Content starts

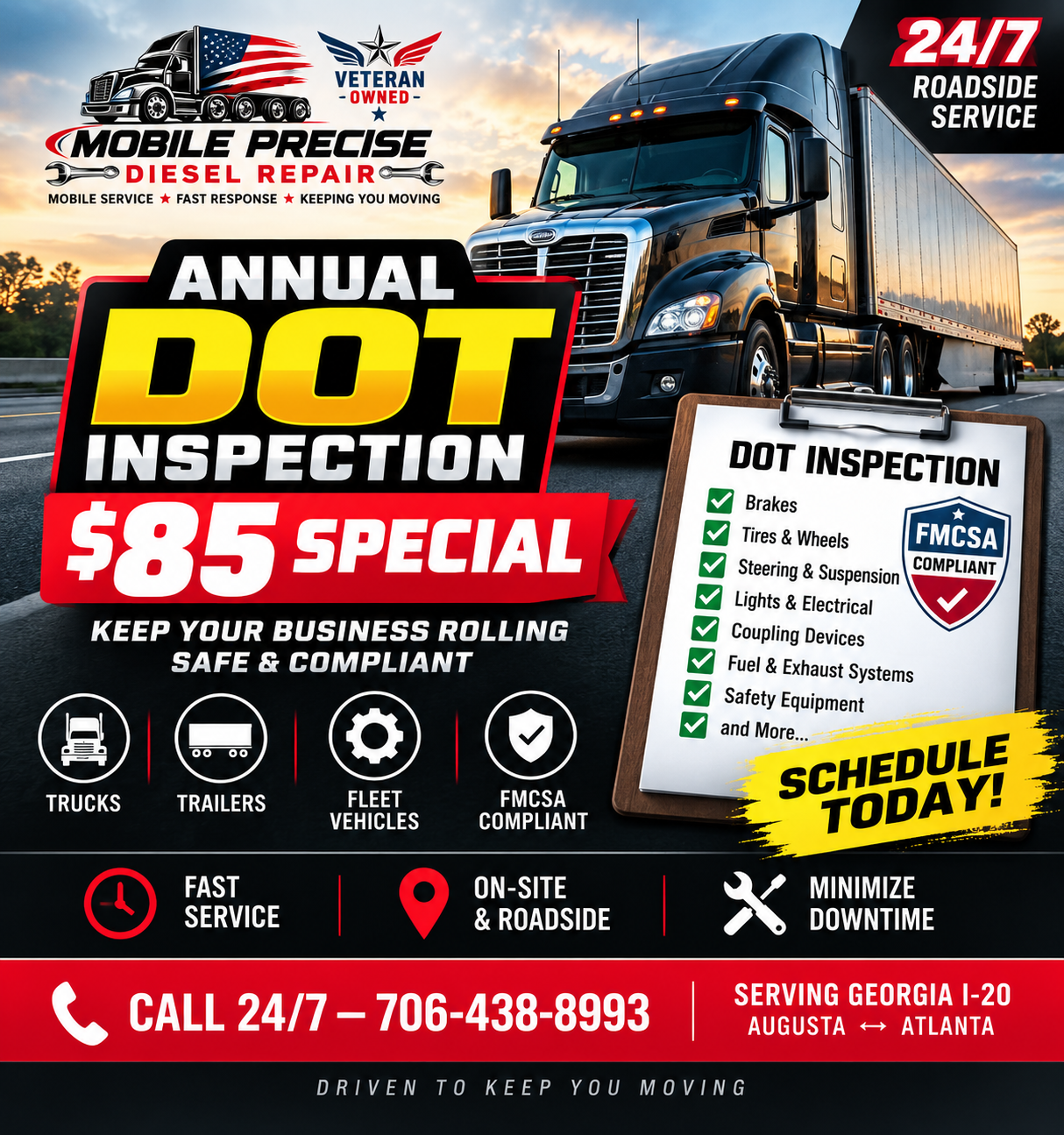 Annual DOT Inspection Commercial Vehicles - $85 Special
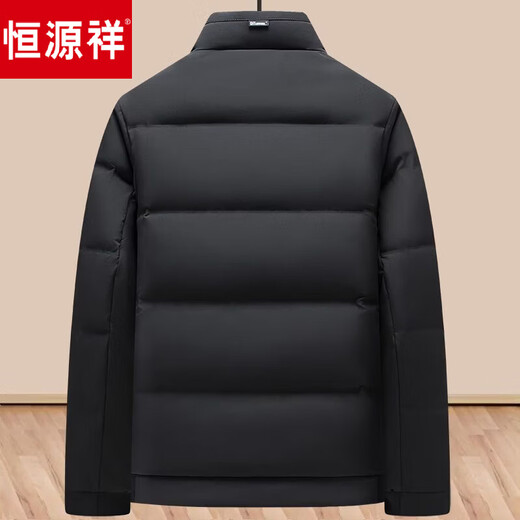 Hengyuanxiang down jacket short middle-aged men's winter warm casual jacket new dad's winter thickened black + fleece sweater + fleece pants three-piece set XL 180 recommended weight 116-130 Jin Jin equals 0.5 kg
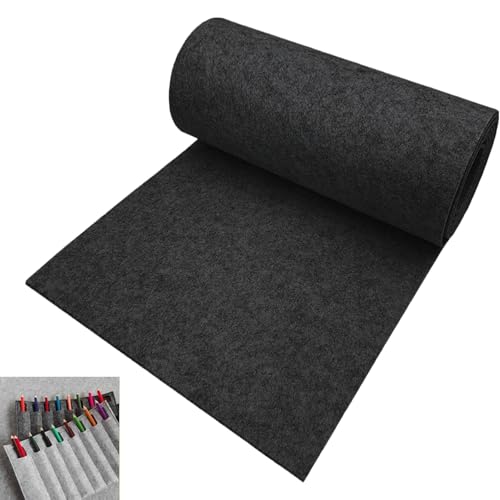 Rouleau Feutrine, Tapis de Découpe en Feutrine, Rouleau de Feutre 300 cm x 30 cm x 3 mm, Polyester Feutrine Tissu pour Sacs, Couture Patchwork, Feutrine à Broder (Noir)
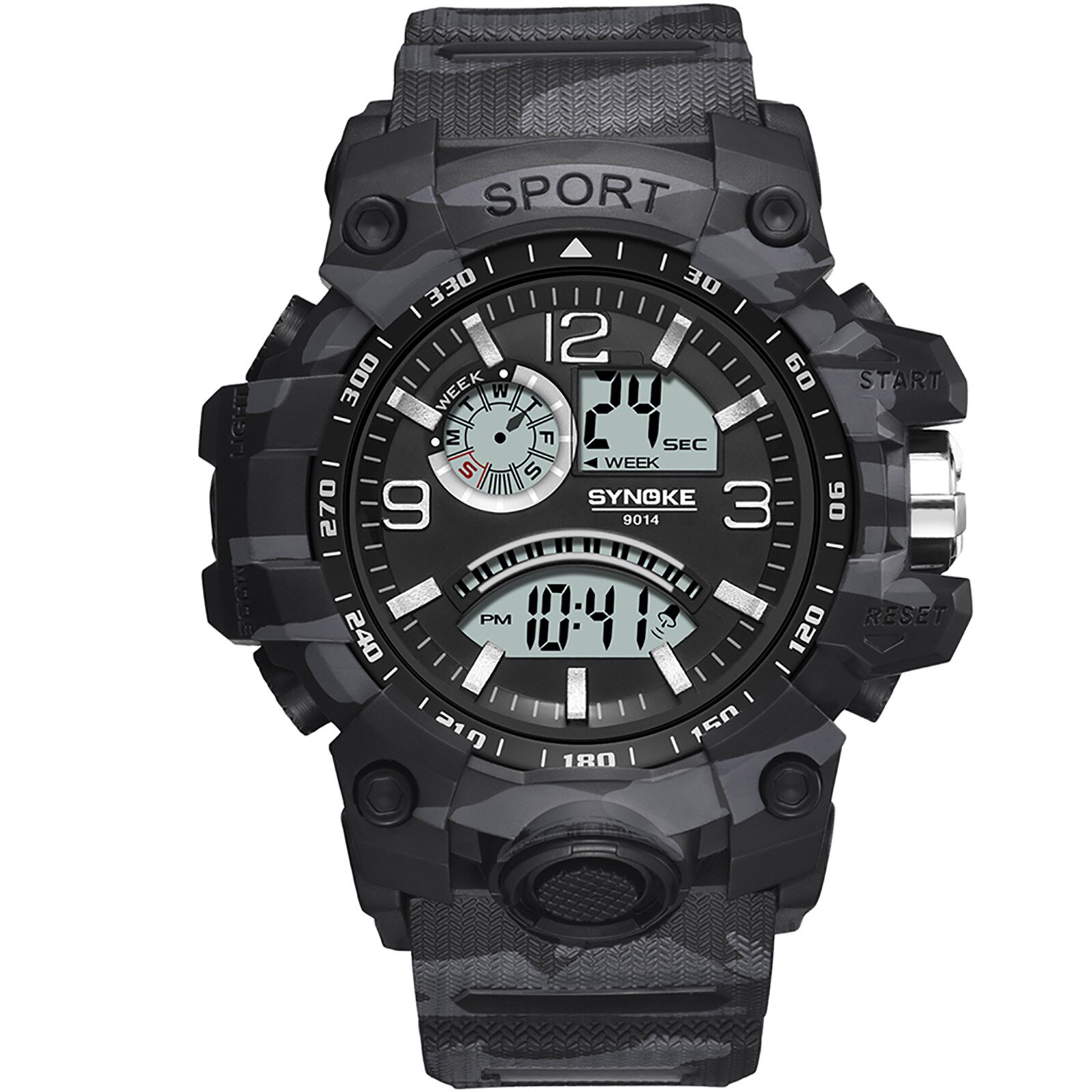 Mannen Elektronische Sport Horloge Multifunctionele Outdoor Sport Horloge Met Groot Scherm Sport Horloges: A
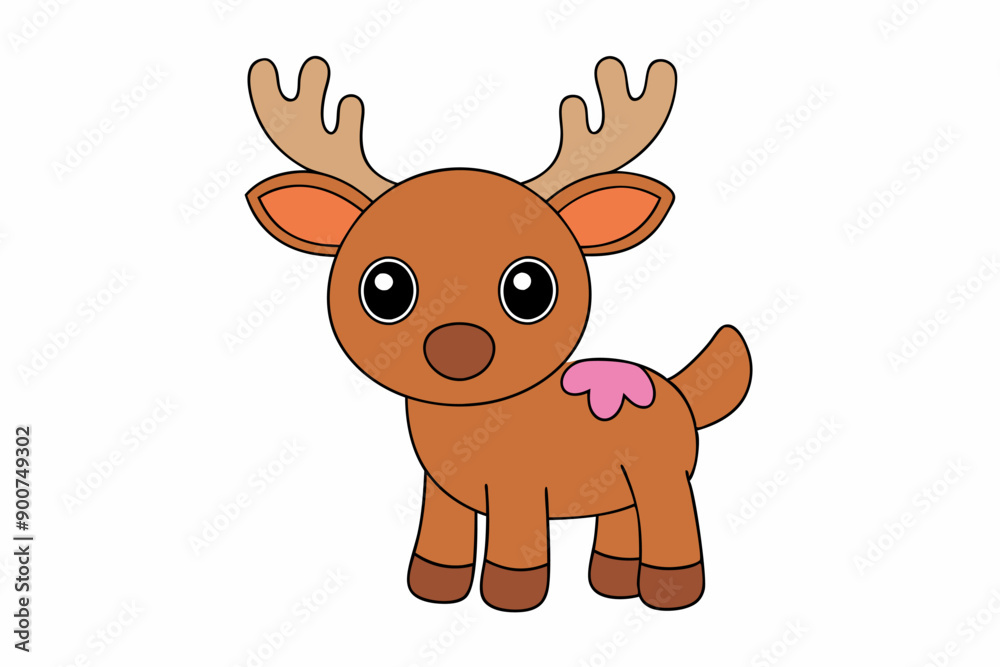 Fototapeta premium Adorable Moose Vector Graphic For Web And Print. Premium Moose Illustration Featuring Cute Design Perfect For Websites, Print Materials, Digital Content, And Creative Projects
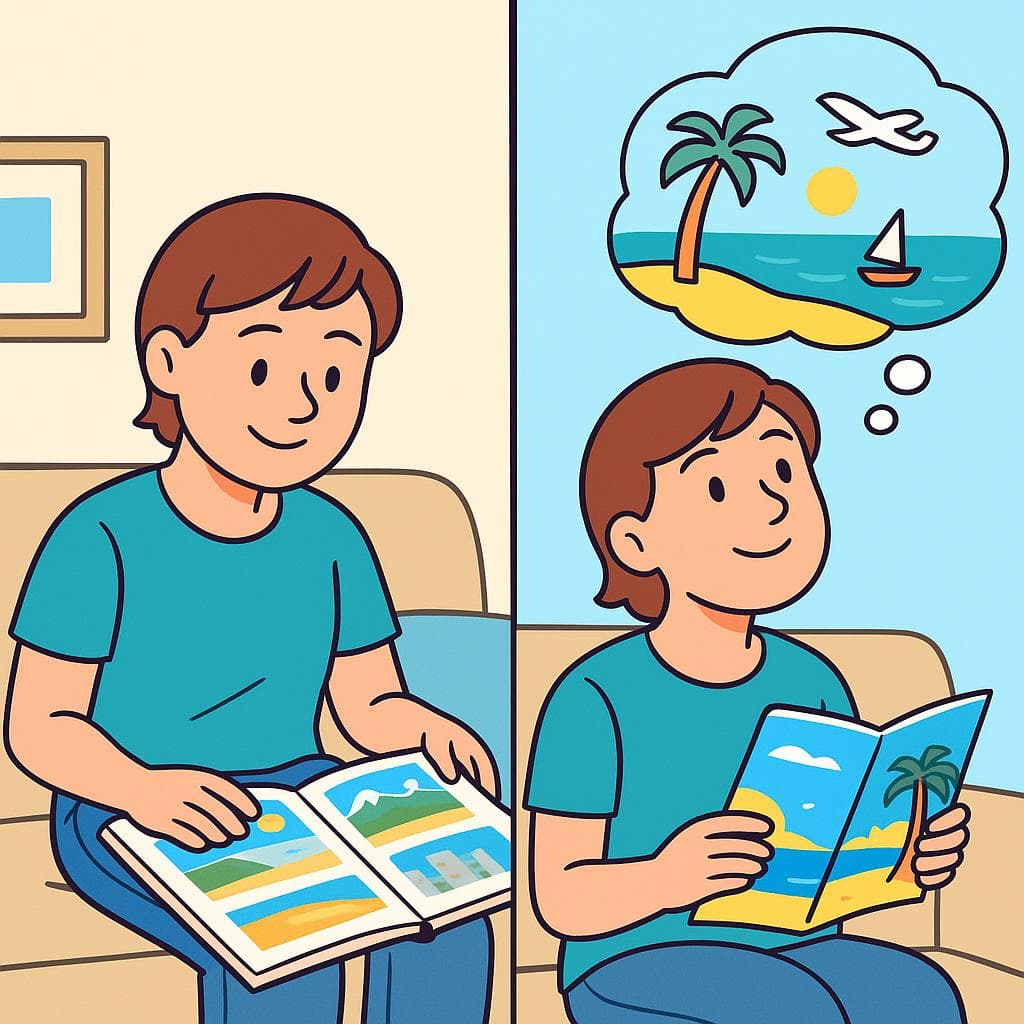 A split screen showing a person looking at a photo album for past events (indicative) versus looking at a travel brochure for future plans (subjunctive).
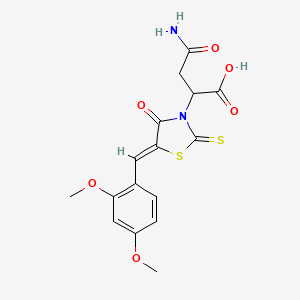 molecular formula C16H16N2O6S2 B11586727 4-amino-2-[(5Z)-5-(2,4-dimethoxybenzylidene)-4-oxo-2-thioxo-1,3-thiazolidin-3-yl]-4-oxobutanoic acid 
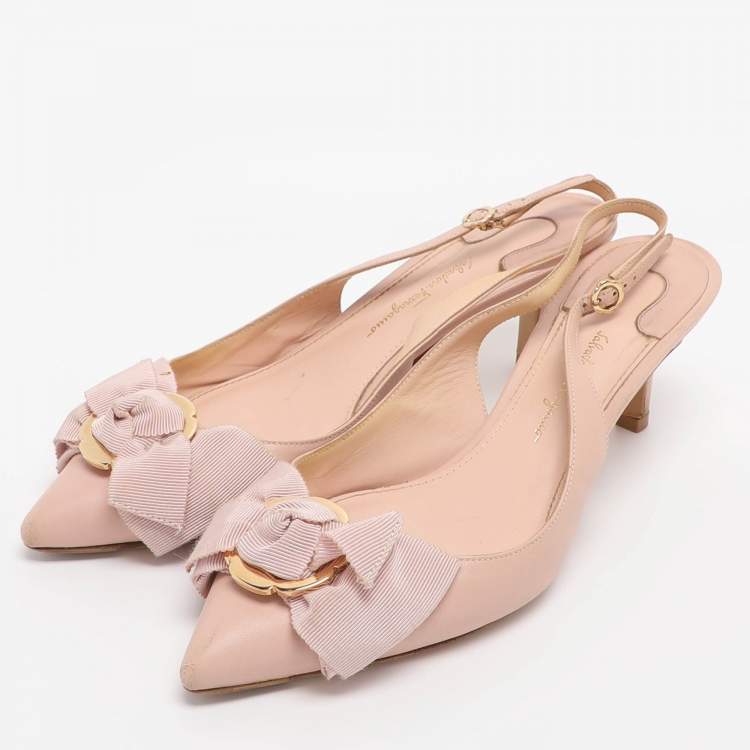 Pre Owned Salvatore Ferragamo Pink Leather Bow Slingback Sandals Size 37.5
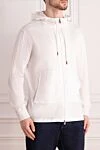 Kiton Hoodie for men made of cotton white - Hood. 100% cotton. Closure: Drawstring. Country of manufacture: Italy. Care: specialized cleaning - photo 3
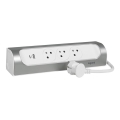Legrand 049406 - Prodlužovací kabel 3Z Typ E + USB-A + USB-C 1m stříbrná/bílá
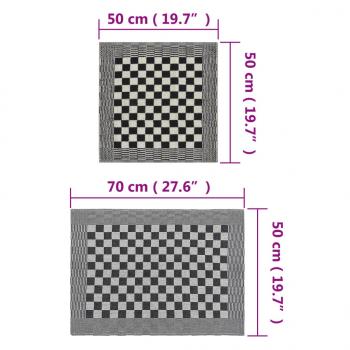 50-tlg. Handtuch-Set Schwarz und Weiß Baumwolle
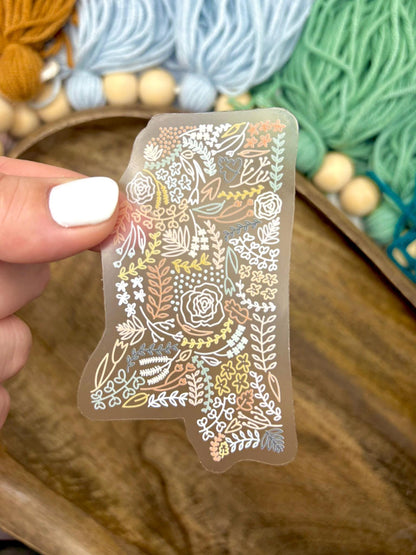 Clear Mississippi Floral Sticker. Weatherproof State Sticker. Vinyl Matte Sticker.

Content ends

*Task directions*. All pictures are to be skipped. Output, word for word, the lines in the data above starting at the line containing "Rouleau Feutrine, Tapis" and ending at the line containing "Kiton Hoodie for".

*Written reply*.
 Rouleau Feutrine, Tapis de Découpe en Feutrine, Rouleau de Feutre 300 cm x 30 cm x 3 mm, Polyester Feutrine Tissu pour Sacs, Couture Patchwork, Feutrine à Broder (Noir)
 Mannen Elektronische Sport Horloge Multifunctionele Outdoor Sport Horloge Met Groot Scherm Sport Horloges: A
 Fototapeta premium Adorable Moose Vector Graphic For Web And Print. Premium Moose Illustration Featuring Cute Design Perfect For Websites, Print Materials, Digital Content, And Creative Projects
 A split screen showing a person looking at a photo album for past events (indicative) versus looking at a travel brochure for future plans (subjunctive).
 molecular formula C16H16N2O6S2 B11586727 4-amino-2-[(5Z)-5-(2,4-dimethoxybenzylidene)-4-oxo-2-thioxo-1,3-thiazolidin-3-yl]-4-oxobutanoic acid 
 Pre Owned Salvatore Ferragamo Pink Leather Bow Slingback Sandals Size 37.5
 Kiton Hoodie for men made of cotton white - Hood. 100% cotton. Closure: Drawstring. Country of manufacture: Italy. Care: specialized cleaning - photo 3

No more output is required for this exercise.